* YAMAMOTO Takashi <yamamoto@valinux.co.jp> [2008-04-30 07:50:47]:
> > > > - anonymous objects (shmem) are not accounted.
> > > IMHO, shmem should be accounted.
> > > I agree it's difficult in your implementation,
> > > but are you going to support it?
> >
> > it should be trivial to track how much swap an anonymous object is using.
> > i'm not sure how it should be associated with cgroups, tho.
> >
> > YAMAMOTO Takashi
>
> i implemented shmem swap accounting. see below.
>
> YAMAMOTO Takashi
>
>
> the following is another swap controller, which was designed and
> implemented independently from nishimura-san's one.
>
Hi, Thanks for the patches and your patience. I've just applied your
patches on top of 2.6.25-mm1 (it had a minor reject, that I've fixed).
I am building and testing the patches along with KAMEZAWA-San's low
overhead patches.
> some random differences from nishimura-san's one:
> - counts and limits the number of ptes with swap entries instead of
> on-disk swap slots. (except swap slots used by anonymous objects,
> which are counted differently. see below.)
> - no swapon-time memory allocation.
> - precise wrt moving tasks between cgroups.
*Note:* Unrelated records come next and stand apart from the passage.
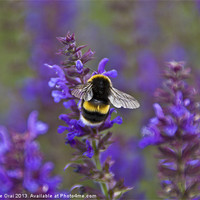 Buy canvas prints of Bumble Bee on lavender by Michelle Orai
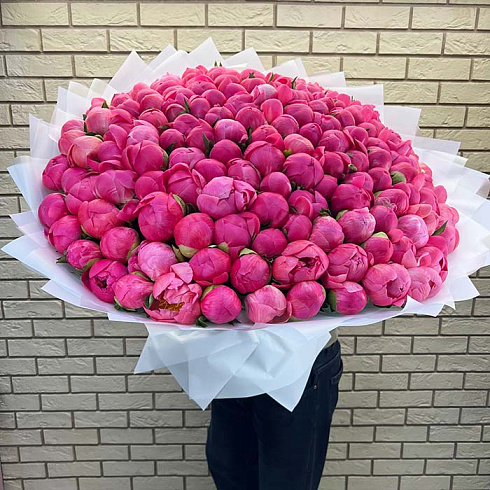 151 коралловый пион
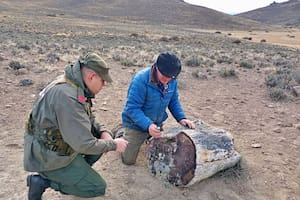 La llamada desde una estancia que derivó en el hallazgo de un antiguo bosque preservado por 50 millones de años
> - [NEW] anonymous objects (shmem) are associated to a cgroup when they are
> created and the number of on-disk swap slots used by them are counted for
> the cgroup. the association is persistent except cgroup removal,
> in which case, its associated objects are moved to init_mm's cgroup.
>
>
> Signed-off-by: YAMAMOTO Takashi <yamamoto@valinux.co.jp>
> ---
>
> --- linux-2.6.25-rc8-mm2/mm/swapcontrol.c.BACKUP 2008-04-21 12:06:44.000000000 +0900
> +++ linux-2.6.25-rc8-mm2/mm/swapcontrol.c 2008-04-28 14:16:03.000000000 +0900
> @@ -0,0 +1,447 @@
> +
> +/*
> + * swapcontrol.c COPYRIGHT FUJITSU LIMITED 2008
> + *
> + * Author: yamamoto@valinux.co.jp
> + */
> +
> +#include <linux/err.h>
> +#include <linux/cgroup.h>
> +#include <linux/hugetlb.h>
My powerpc build fails, we need to move hugetlb.h down to the bottom
> +#include <linux/res_counter.h>
> +#include <linux/pagemap.h>
> +#include <linux/slab.h>
> +#include <linux/swap.h>
> +#include <linux/swapcontrol.h>
> +#include <linux/swapops.h>
> +#include <linux/shmem_fs.h>
> +
> +struct swap_cgroup {
> + struct cgroup_subsys_state scg_css;
Can't we call this just css. Since the structure is swap_cgroup it
already has the required namespace required to distinguish it from
other css's. Please see page 4 of "The practice of programming", be
consistent. The same comment applies to all members below.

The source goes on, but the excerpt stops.